They have become in a small way part of Irish cultural history since then, featuring on dozens of book covers for instance, which I feel is a wonderful and important possible extended life for a work of art and I love to see them reproduced.
The earliest were made in 1994-5, and then in bursts around ‘96,97 and a new group, with an interestingly different tone, for an invited exhibition in 2005. I still enjoy making them; or to put it better, still make them occasionally when I enjoy it, for I think my excitement and enjoyment making them is very much part of them.
Seamus Heaney memorably described them as ‘full of allusion’ and I like to think they have, as he said “a lot going on, under the surface..”
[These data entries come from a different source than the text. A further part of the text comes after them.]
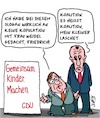 Cartoon: CDU macht Kinder? (small) by Karsten Schley tagged politik,wahlen,cdu,deutschland,wahlkampfslogans,sprache,laschet,medien,demokratie,gesellschaft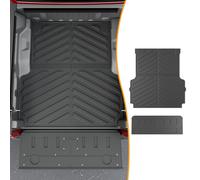 powoq Tapete para camioneta compatible con Jeep Gladiator JT 2020-2025, tapete de carga de TPE de repuesto para accesorios de Jeep Gladiator 2020-2025 (alfombrilla de camión + alfombrilla para portón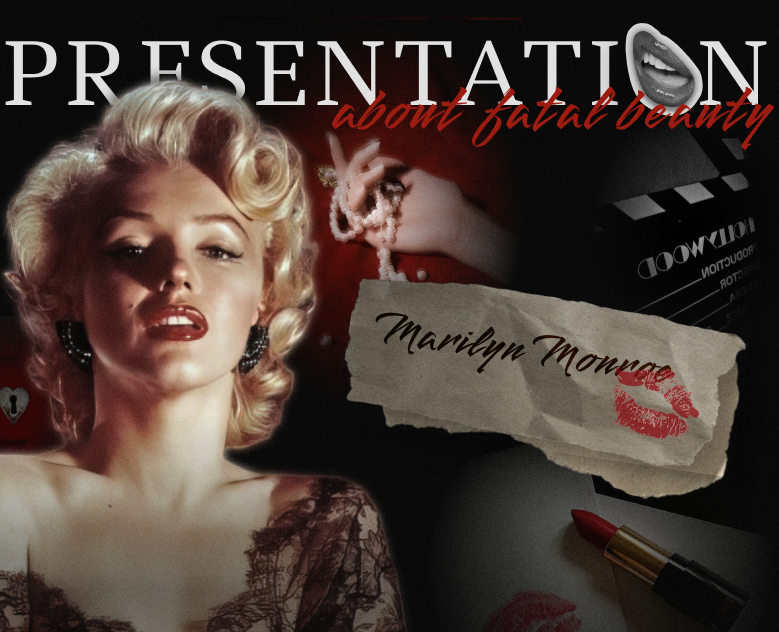 Design concept | Presentation about Marilyn Monroe — Иллюстрация, Маркетинг на Dprofile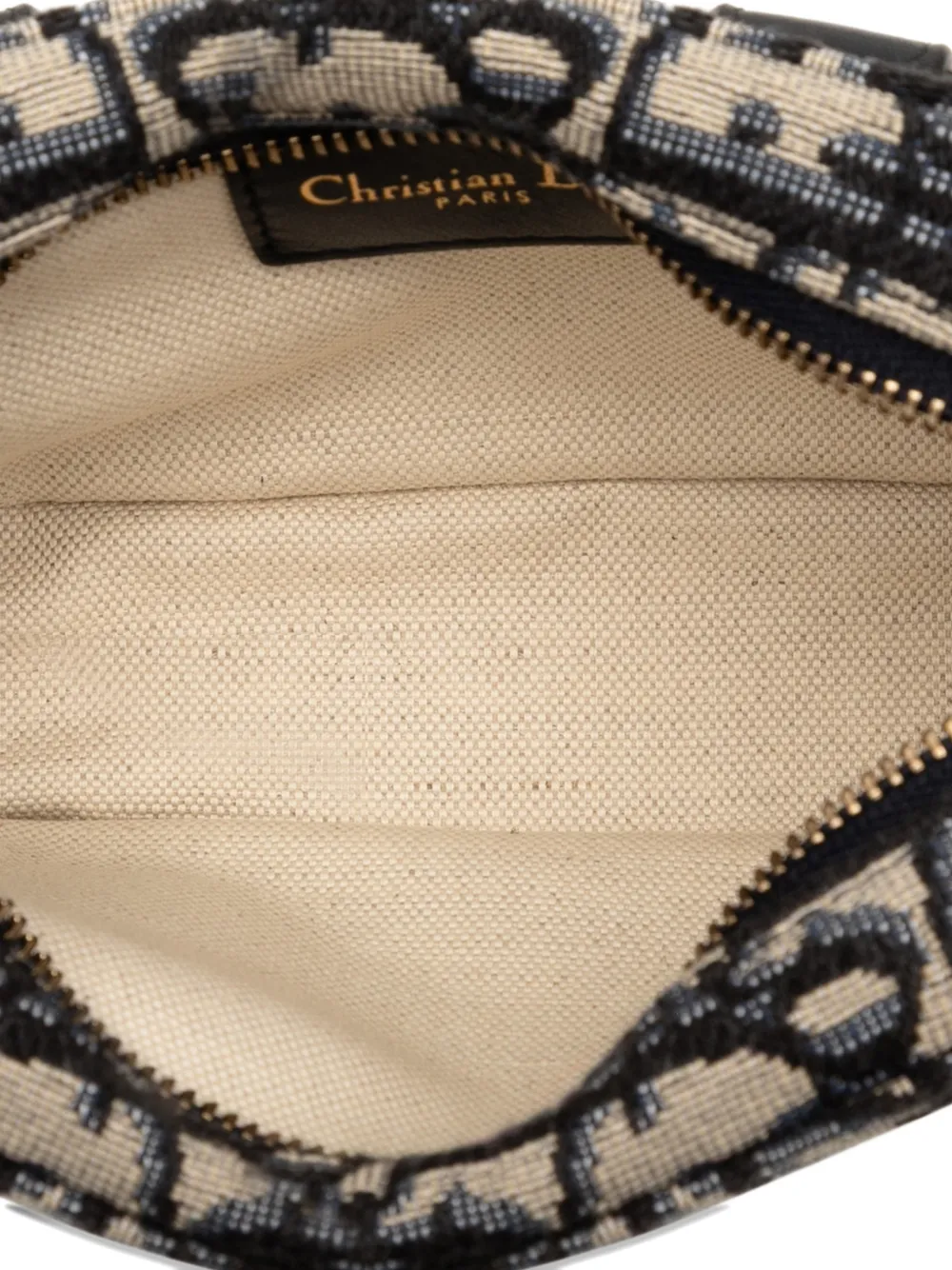 Pre-owned Dior 2020 Oblique Canvas Pouch Belt Bag In Blue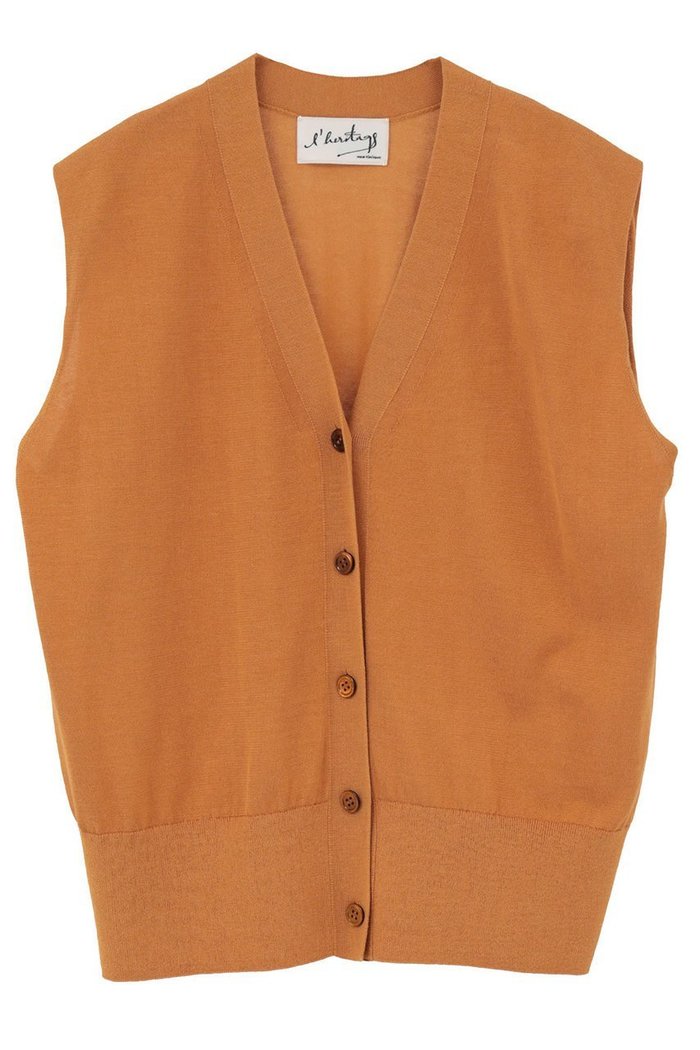 【マルティニーク/martinique】の【l heritage martinique】シルクコットンVネックジレ インテリア・キッズ・メンズ・レディースファッション・服の通販 founy(ファニー) https://founy.com/ ファッション Fashion レディースファッション Fashion for Women トップス・カットソー Cut & Sew Tops ニット Knit Tops & Sweaters カーディガン・羽織り Layered Style Cardigans ベスト&ジレ / 重ね着スタイル Vests & Gilets Vネックトップス V-Neck Tops / V-Cut Neckline Shirts おすすめ Recommended / Our Picks カーディガン Cardigan, Knitwear シルク Silk, 100% Silk シンプル Simple, Minimal ボトム Bottoms, Lower Wear エレガント 上品 Elegant |ID: prp329100004910589 ipo3291000000036793333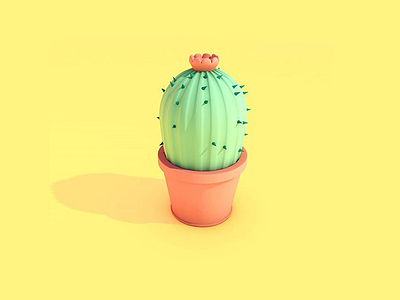 Cactus 3d animation c4d cactus cinema4d dribbble illustration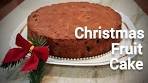 Christmas Fruit Cake | Rum & Fruit Cake | Soaked Dried Fruits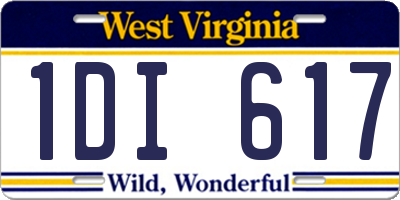 WV license plate 1DI617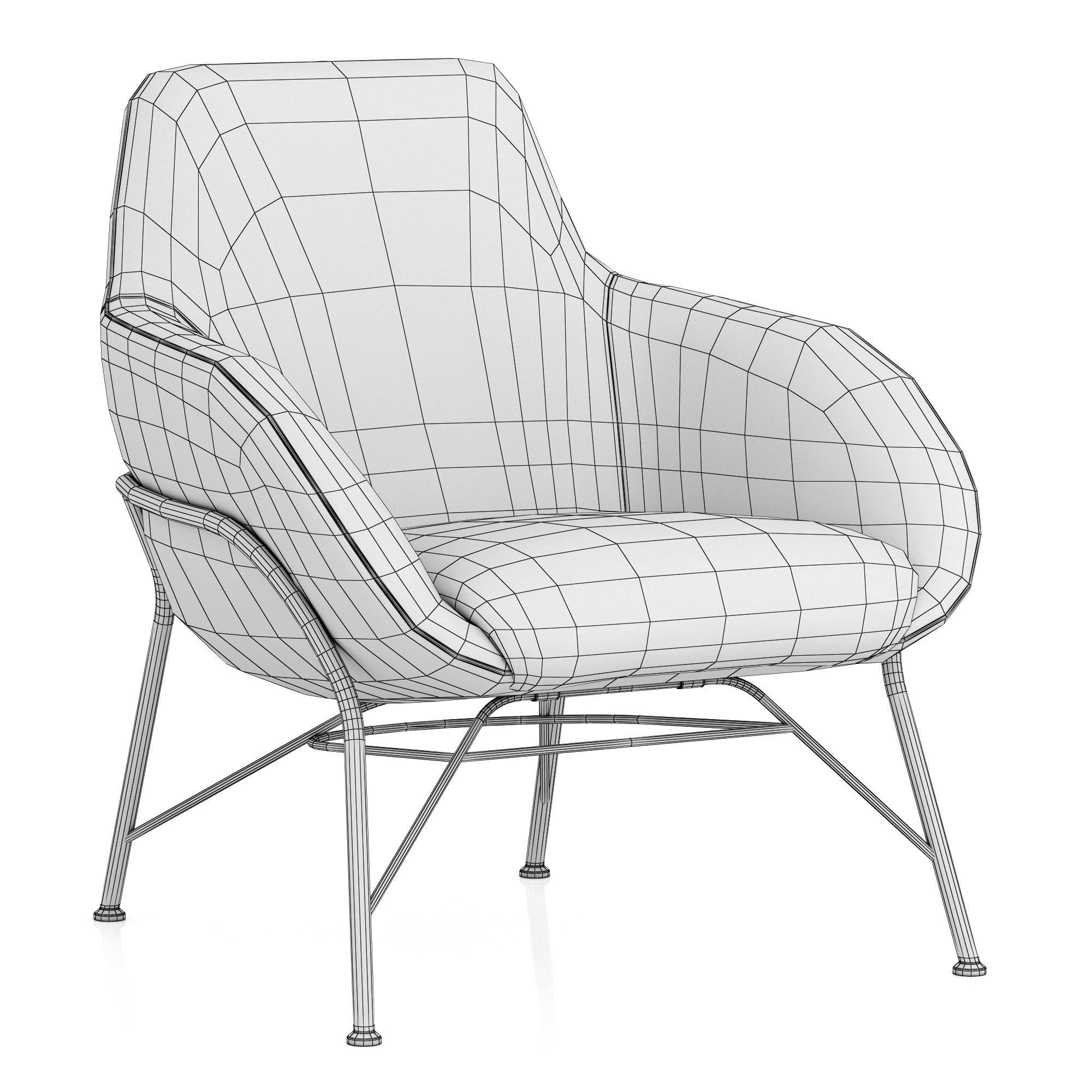 Roche Bobois Tilt armchair 3D model_9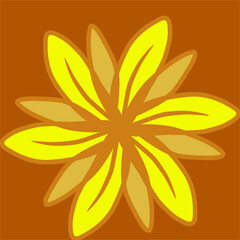 abstract floral design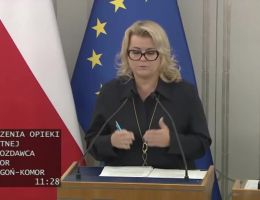 Senator Agnieszka Gorgoń-Komor - Wystąpienie z dnia 08 grudnia 2023 roku.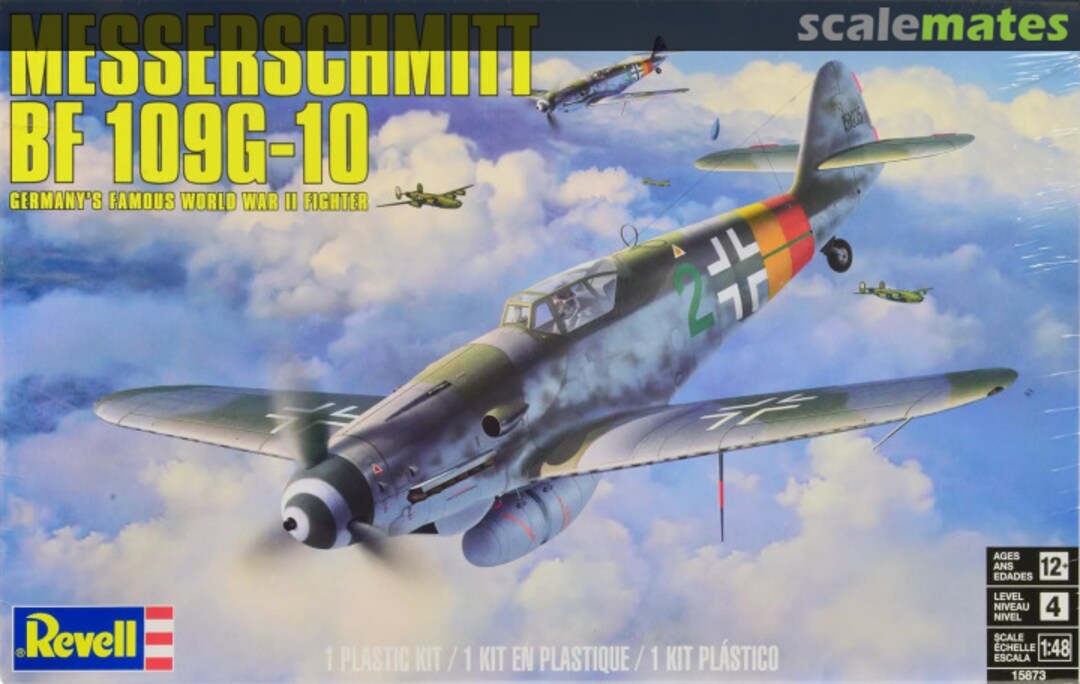 Boxart Messerschmitt Bf 109G-10 15873 Revell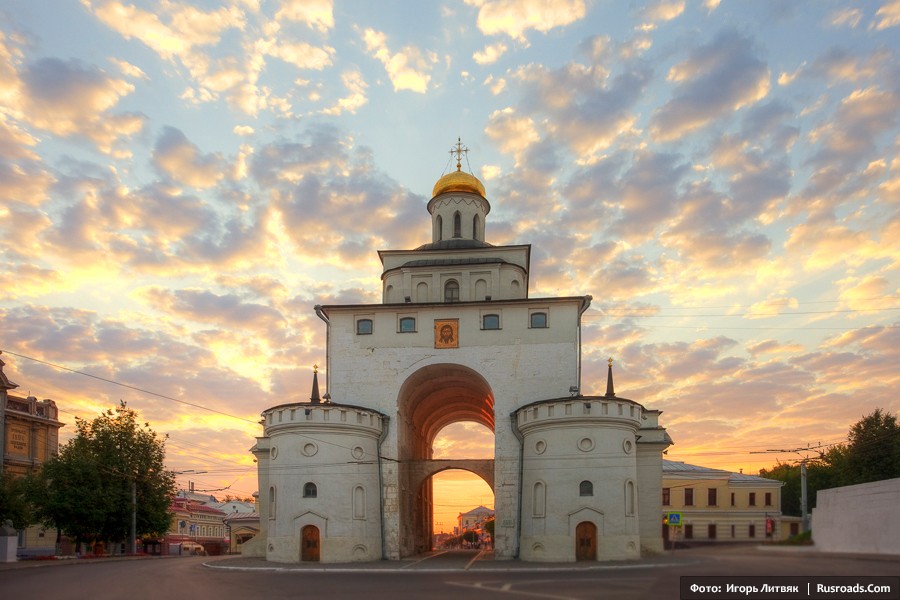 Golden Gates, Vladimir Photo: Igor Litviak. Entire project: «Golden Gates, Vladimir» / Russian Roads.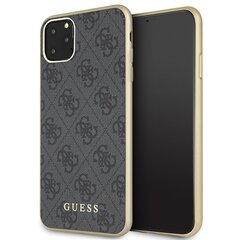 Dėklas telefonui Guess 4G Collection, skirtas iPhone 11 Pro Max, pilka kaina ir informacija | Telefono dėklai | pigu.lt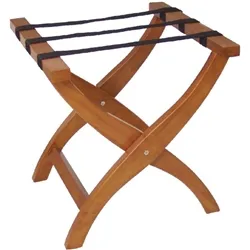 Bolero Wooden Suitcase Stand Honey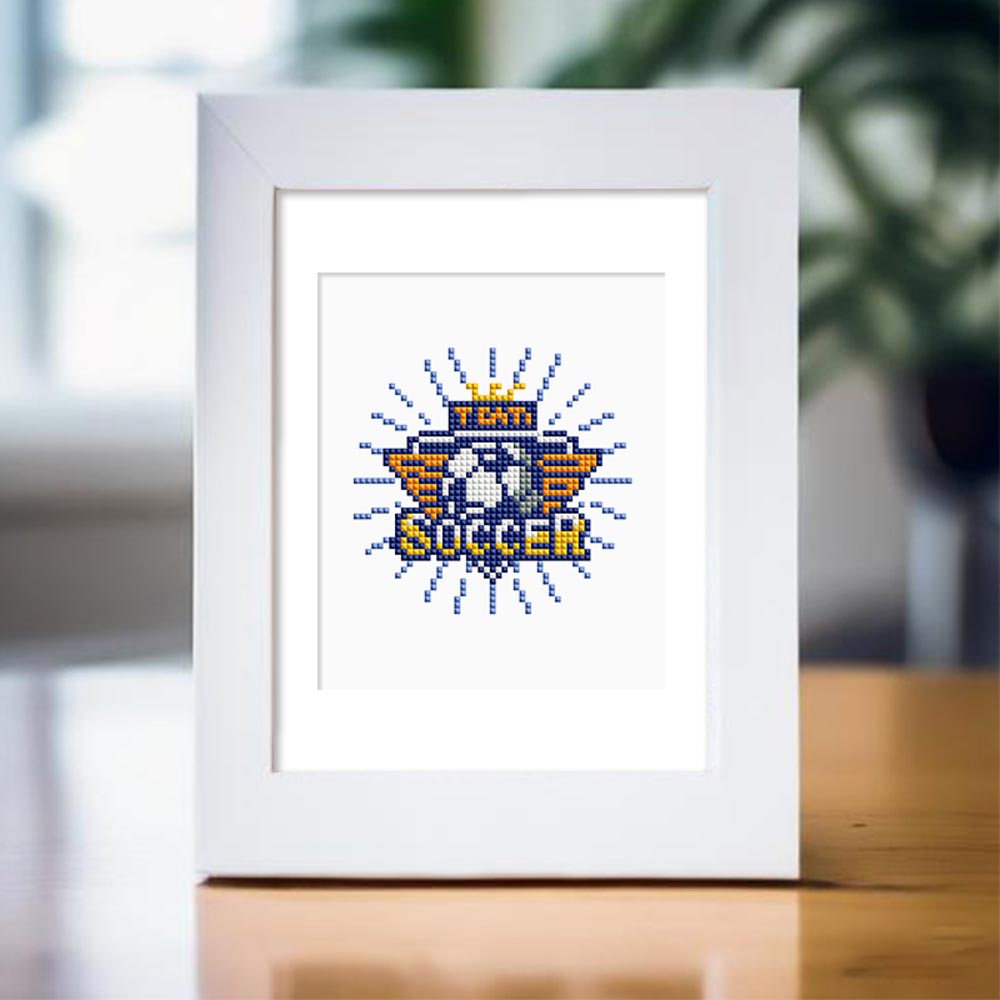 Diamond Painting - 12 Mini-Paintings | Soccer Set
My ‘technique’ in collage has pretty much always been to start with a loose but engaging series title, gather lots of material and often (tediously but meditatively) make preliminary cuts because I sort of know what parts I want; and then I play with the fragments to see what suggests itself. This spontaneity is really the only way I can work effectively but it means the work will have an energy and life of its own if it succeeds. Sometimes a collage can be as simple as two pieces as in “The Queen of Heaven Appears at Newgrange” or can grow to six or seven layers; but there’s only so much you can do and I never want to repeat myself. Duchamp said, I’ve read, that he “made work to amuse himself” and, apart from wanting to take over / fix the world, I think I do too. BTW I recently made a few new ones in a new subseries called NORTHERN IRELANTIS.